Imprudent: Chapter 18: Plots

Updated: Oct 1, 2023

Chapter 18: Plots


Traditional prophetic magic, forecasting, depends on a number of factors. Foremost of these are the Rising Breath, the Stone and the Sand, the Mechanism, and Knowledge, although most people only acknowledge the first two or three of those.

The Rising Breath is the most well-known part of forecasting magic, simply due to its ubiquity. Every person, regardless of age or station, upon waking from sleep deep enough to dream, has a single Breath with which they can foretell the future. This Rising Breath, which is a different color from the norm, can be exhaled into a quartz die—the Stone. If the person forgets to hold their Breath before willing it into the die, it will be lost in a cloud of glowing haze, and most people do not make regular use of their Rising Breath for exactly this reason.


###


Lady Fiaswith of House Rechneesse


Hands clasped behind her back, Fia paced across the carpeted floor. The carpets in the chamber they’d been given were extraordinarily fine, and she wondered if the master who had made them was still… existing? Alive?

Well, that was a question whose answer wouldn’t help anyone, so she pushed it aside and turned to the rest of her group, with the addition of Illgina. “First, we need a plan.”

“What, no ‘blast our way in, dealing with getting shot as we go, and blast our way out’?” Yufemya asked dryly. “Where’d the woman who charged into fifty oathwalkers dressed in her underwear go?”

Fia gave Yufemya a flat look that made Zoy snicker. “She got to go home and wants to do that again.” She shook her head and continued. “I’ve tangled with the Dormelion navy in the past, but that was mostly sneaking past patrol boats guarding the Straits and a few convoy escorts here and there on the east coast of the Center Sea. And while that was survivable, I know that their army is their specialty. So let’s plan.
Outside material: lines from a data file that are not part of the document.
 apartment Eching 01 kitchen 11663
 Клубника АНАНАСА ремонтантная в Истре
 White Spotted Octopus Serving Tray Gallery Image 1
Stylio gave an approving grunt. “The most difficult part will be finding the scroll, I feel. Kasmenarta is massive and crowded. Even though it will be held in a secure area under the firm control of the Emperor or one of the bureaucracies, that is still a significant portion of the tower.” She shrugged. “But not impossible. There will be sources of information available that will note the arrival of something valuable.”

Zoy scoffed. “You say that as if… certain people aren’t probably already considering how they’d steal it themselves if the chance came up.”

“True. But getting access to them will not be simple.” Stylio tapped her chin in thought. “We need funds. For bribes, supplies, and other such resources.”

“And where will we get that?” Oksyna asked.

“Some coin from my father, I get can,” Illgina spoke up. “Such riches in the vault are stored.”

Raavi nodded. “When Oksyna and I were in there, I saw a few chests filled with gems and coins.”

“Yes. A ransom expecting we were, so coin gathered was,” Illgina said.

“Perfect. We’ll need anything small, valuable, and easily sold,” Fia said. “That’s something I can handle with my own contacts when we need it, but for travel on the Lynx, portable wins out over value.” Illgina cocked her head for a moment, confused, and Fia clarified, “We only have so much room on the ice-boat, especially with another person, so gold and gems would be better to bring than, say, silver, because they’ll take up less room.”

“Ah. Thank you. I see what you mean.”

Fia bit her lip as she considered what to do next. “Can we get some notepaper or something to keep this all straight? Notes would be helpful.”

“I saw an easel and pad in another room,” Raavi volunteered, and hopped off of the couch, followed quickly by Oksyna.

As the door closed behind them, Fia shook her head. The young woman was obviously interested in him, but this was apparently passing the young man by completely. Stylio was likewise smiling, and gave Fia a knowing wink. Before anyone could say anything, however, the pair of them were back, carting in an easel, a large pad of cream-colored paper, and a small pot of writing utensils.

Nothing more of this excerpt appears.